Trip Report & photos by Renee Grinnell Capozzola.

As I boarded the plane to start the long journey to Flores, I knew I was about to start a new and exciting adventure, -- but what I didn't know was how amazingly diverse the experience and immaculate the reefs would be on the Seven Seas liveaboard. I was joining the "East of Flores" trip, which includes several remote islands between east Flores and Alor and features numerous dive sites that are both completely unspoiled and unknown to most people. It is entirely off the beaten path with the Seven Seas vessel being the only boat around, apart from a few local fishing boats. In additional to spectacular diving and snorkeling, we also had the opportunity to visit several fascinating villages and some breathtaking beaches. In sum, the Seven Seas is the finest ship I have ever sailed on and the best organized dive trip I have taken out of my 13 years of diving around the world!

After arriving in Maumere, we were picked up by Karl, the friendly and outgoing cruise director along with several crew who quickly picked up our bags and shuttled us to the ship, which we all were anxiously awaiting to board. The Seven Seas is an impressive and traditionally built Buginese schooner, custom-designed to accommodate up to 16 guests in 8 air conditioned cabins with large public areas over three decks. As a photographer, I really appreciated the large camera table on the spacious dive deck as well as another working area inside the dining area with several outlets to charge all my camera gear. If that wasn't already enough, there were additional global power strips in each stateroom. I also was pleased to find the roomy area provided to store our dive gear and dry our swim wear. Finally, the upstairs dining and lounging area was a really nice way to finish the day with a glass of wine, the sunset, and then dinner under the stars.

After a checkout dive and steam into the night, we began our real adventure the next morning at Adonara Island. The highlight of this area was the "Ipet Drop Off" dive site which is a wide angle photographer's dream and similar to the current swept dives I had experienced recently in Fiji. The ridge was covered with hard and soft corals, giant sponges, anemones, crinoids, and so many clouds of fish they were hard to see through!
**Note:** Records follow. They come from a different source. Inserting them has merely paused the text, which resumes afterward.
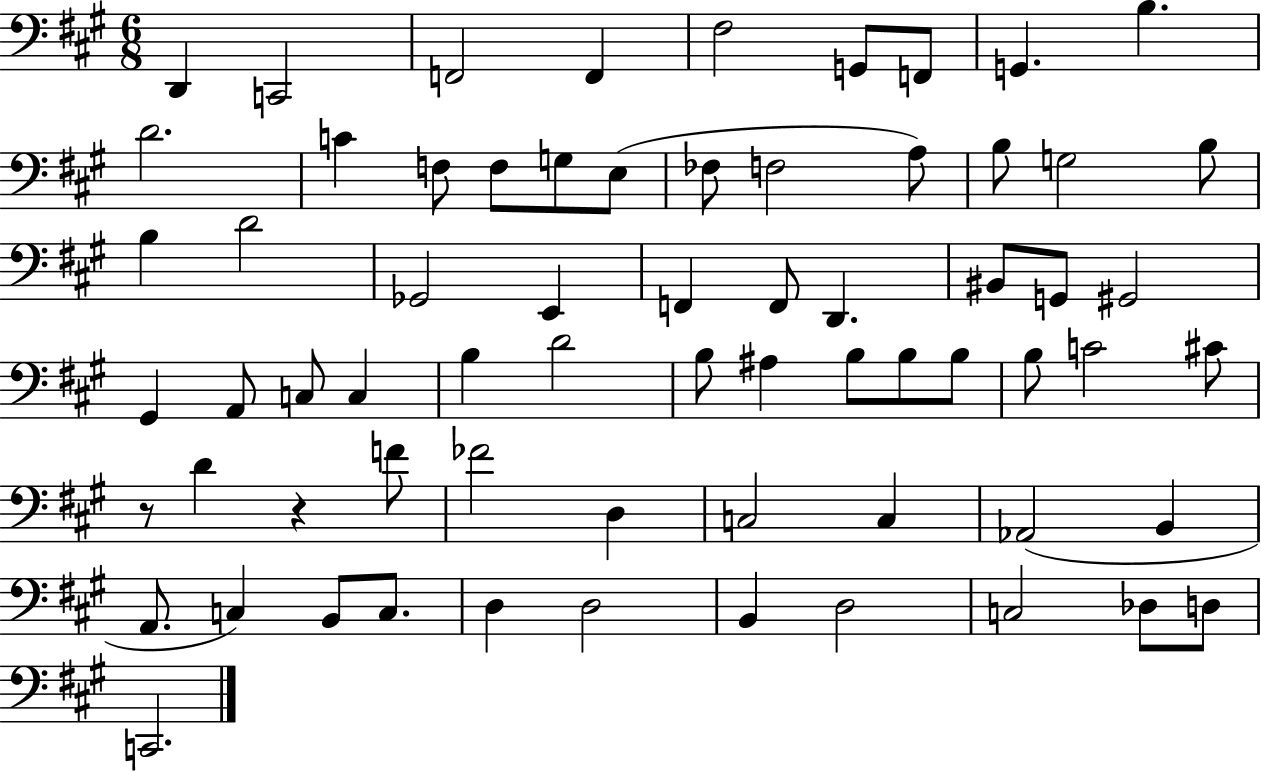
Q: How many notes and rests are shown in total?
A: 67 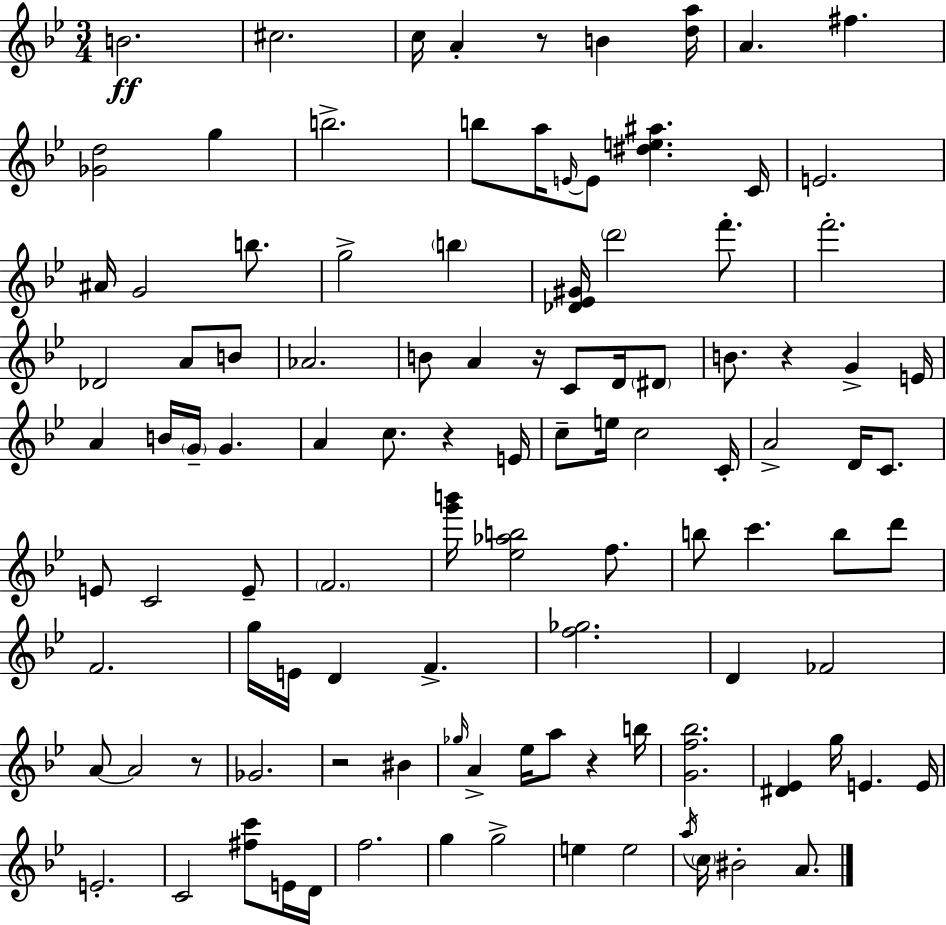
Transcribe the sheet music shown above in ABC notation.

X:1
T:Untitled
M:3/4
L:1/4
K:Gm
B2 ^c2 c/4 A z/2 B [da]/4 A ^f [_Gd]2 g b2 b/2 a/4 E/4 E/2 [^de^a] C/4 E2 ^A/4 G2 b/2 g2 b [_D_E^G]/4 d'2 f'/2 f'2 _D2 A/2 B/2 _A2 B/2 A z/4 C/2 D/4 ^D/2 B/2 z G E/4 A B/4 G/4 G A c/2 z E/4 c/2 e/4 c2 C/4 A2 D/4 C/2 E/2 C2 E/2 F2 [g'b']/4 [_e_ab]2 f/2 b/2 c' b/2 d'/2 F2 g/4 E/4 D F [f_g]2 D _F2 A/2 A2 z/2 _G2 z2 ^B _g/4 A _e/4 a/2 z b/4 [Gf_b]2 [^D_E] g/4 E E/4 E2 C2 [^fc']/2 E/4 D/4 f2 g g2 e e2 a/4 c/4 ^B2 A/2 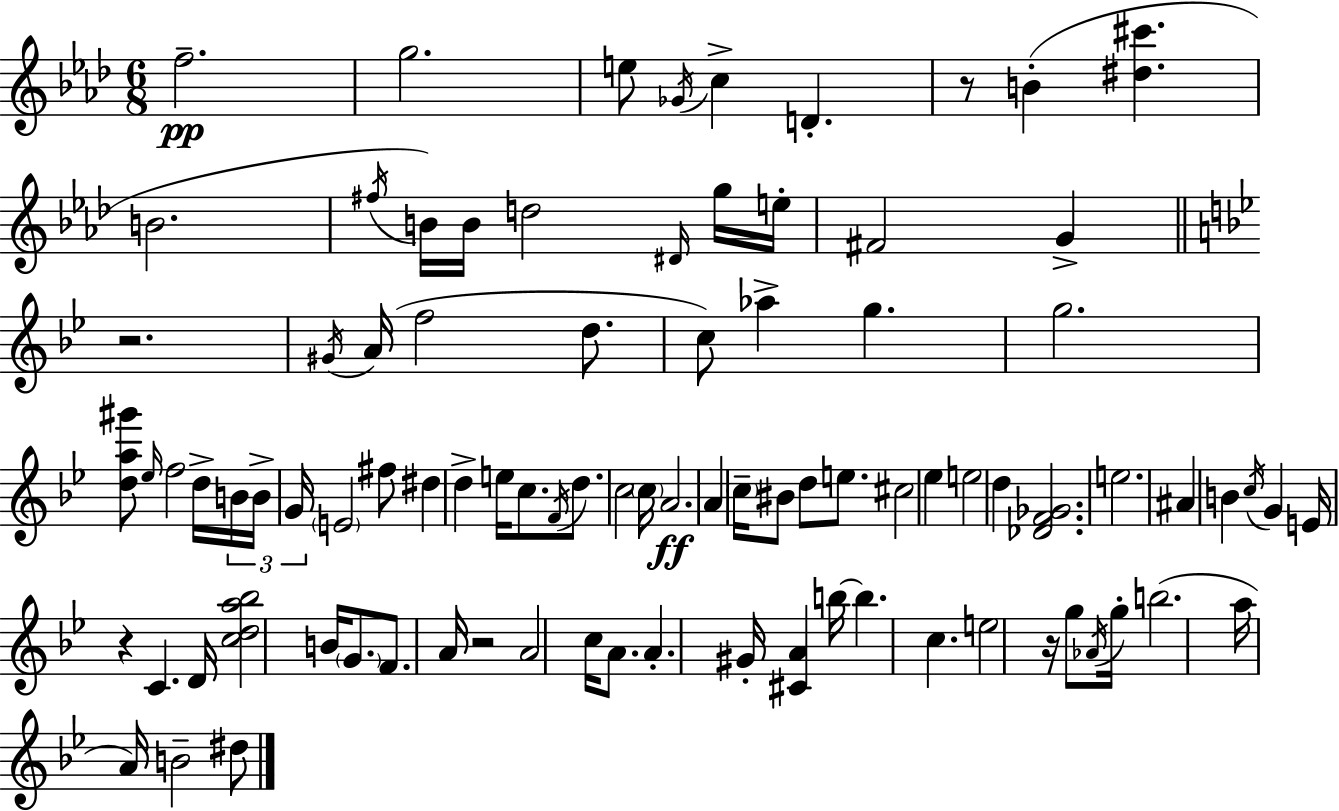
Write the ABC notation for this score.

X:1
T:Untitled
M:6/8
L:1/4
K:Fm
f2 g2 e/2 _G/4 c D z/2 B [^d^c'] B2 ^f/4 B/4 B/4 d2 ^D/4 g/4 e/4 ^F2 G z2 ^G/4 A/4 f2 d/2 c/2 _a g g2 [da^g']/2 _e/4 f2 d/4 B/4 B/4 G/4 E2 ^f/2 ^d d e/4 c/2 F/4 d/2 c2 c/4 A2 A c/4 ^B/2 d/2 e/2 ^c2 _e e2 d [_DF_G]2 e2 ^A B c/4 G E/4 z C D/4 [cda_b]2 B/4 G/2 F/2 A/4 z2 A2 c/4 A/2 A ^G/4 [^CA] b/4 b c e2 z/4 g/2 _A/4 g/4 b2 a/4 A/4 B2 ^d/2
As I swam with my camera along the drop off, I was overwhelmed by the massive density of fish life and had a hard time deciding which way to point my camera, which is a good problem to have. I was pleased that I had chosen a fisheye lens to cover as much area as possible of the beautiful scenery. In this area, we also saw several whitetip sharks, eagle rays, dogtooth tuna, giant trevally, a large zebra shark, and massive shoals of anthias.

Komba

The next morning, we woke up to an amazing sunrise over Komba Volcano which is located in the Banda Sea northeast of Flores and is still emitting plumes of smoke! As the sun came up, it lit up the face of the volcano with intense yellow-orange light, providing us with the rare opportunity to capture stunning images as we were also the only boat in the area. As soon as the sun was up, a few of us by request were dropped off by the small boat to snorkel in the blue right in front of the volcano which was an excellent opportunity to capture some over-under shots! Shortly afterwards, we performed two dives towards one tip of the volcano known as "Alice In Wonderland" which featured healthy hard corals contrasted against black sand in shallow water. There was abundant marine life in this area as well as the nearby drop off, which housed large sea fans and a diversity of fish life.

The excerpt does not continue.